Há também aquelas que pregam uma obediência irrestrita ao guru de plantão, transformando o pobre seguidor em escravo moderno de um hábito há muito banido da história dos povos; outras encarceram seus devotos entre quatro paredes a título de santificá-los pelo voto de pobreza, voto de silêncio ou de castidade; há as que exigem sacrifício de sangue – variando a ritualística se o sacrifício deve envolver animais ou seres humanos; outras se voltam para a adoração de extraterrestres, pregando a busca incessante por um contato, incerto e duvidoso, com agentes de outras galáxias; enquadram-se também nessa análise aquelas que professam a adoração aos elementos da Natureza, fazendo do sol, da lua, das estrelas muito mais do que simples planetas do Universo; há ainda as que têm na caridade a varinha de condão com capacidade suficiente para fazer o fiel habitar os átrios da luz e da eternidade.
Como se observa, há religiões para todos os gostos, manias, platitudes e idiossincrasias. A última à qual nos referimos é a que está mais na moda. Principalmente no segmento dos endinheirados – exatamente o tipo de gente que, do mesmo modo que adquire roupas, carrões e propriedades, pensa comprar, através da caridade, da atividade de distribuir algo aos mais necessitados, o tão sonhado passaporte para a vida eterna. A essas alturas, alguém há de indagar: onde está o erro em ser caridoso? Nada de errado. Pelo contrário. Caridade é gesto extremamente nobre, demonstração do mais puro espírito de amor. Mas não passa disso. Elevá-lo à condição de detentor da chave da salvação é um flagrante desvio do papel a ele restrito à seara dos sentimentos humanos. Afinal, caridade é um simples gesto, entre tantos outros, a integrar o rol de atividades de quem se almeja iluminado.

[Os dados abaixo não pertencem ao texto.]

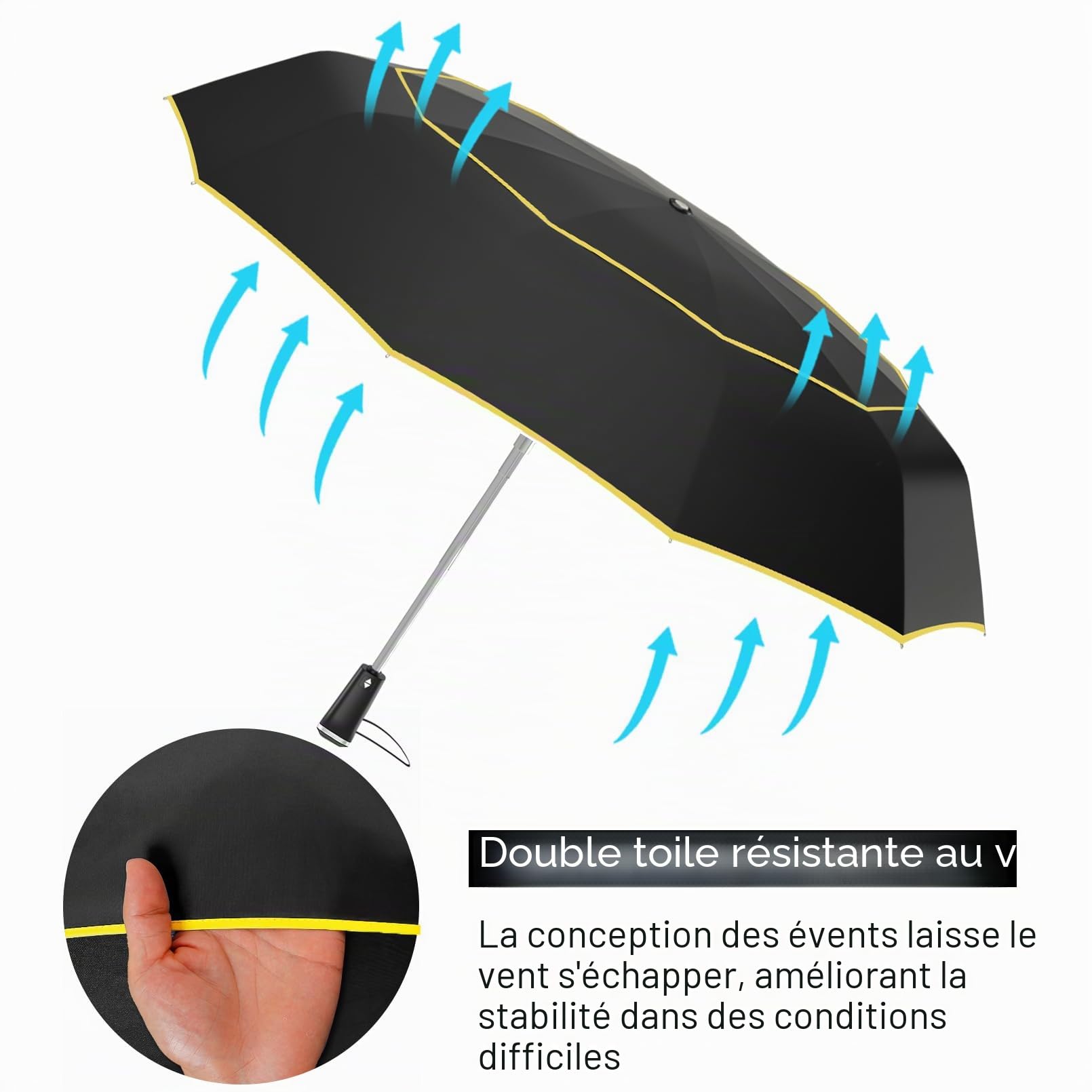 Satol Parapluie de Golf - Ouverture Automatique 10 Rayons, Double Toile, Protection UV, 54 Pouces Pliable Compact Paraplui avec Bandes Réfléchissantes, Convient à 2-4 Personnes (Noir)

Pois se, pela caridade, a salvação fosse alcançada, passaria a ser ela um mero instrumento administrado pela ação humana, como tantos outros de responsabilidade do homem sobre a face da Terra. Na verdade, por força da doutrina de algumas religiões, outorgou-se à caridade uma preponderância tal que, de coadjuvante, passou a figurar como atriz principal no palco da vida, ocasionando uma inversão total na concepção do conceito de salvação. Por essa linha de pensamento, a caridade passou a conduzir à salvação, quando o inverso é o que realmente ocorre. O sentir-se salvo, tendo em vista um posicionamento espiritual originado da fé, acarreta profunda alteração na escala de valores, produzindo, com isso, a prática de obras advindas desse novo posicionamento. Nesse contexto, à caridade, agregam-se outros atributos como perdão, tolerância, compreensão, fraternidade, mansidão...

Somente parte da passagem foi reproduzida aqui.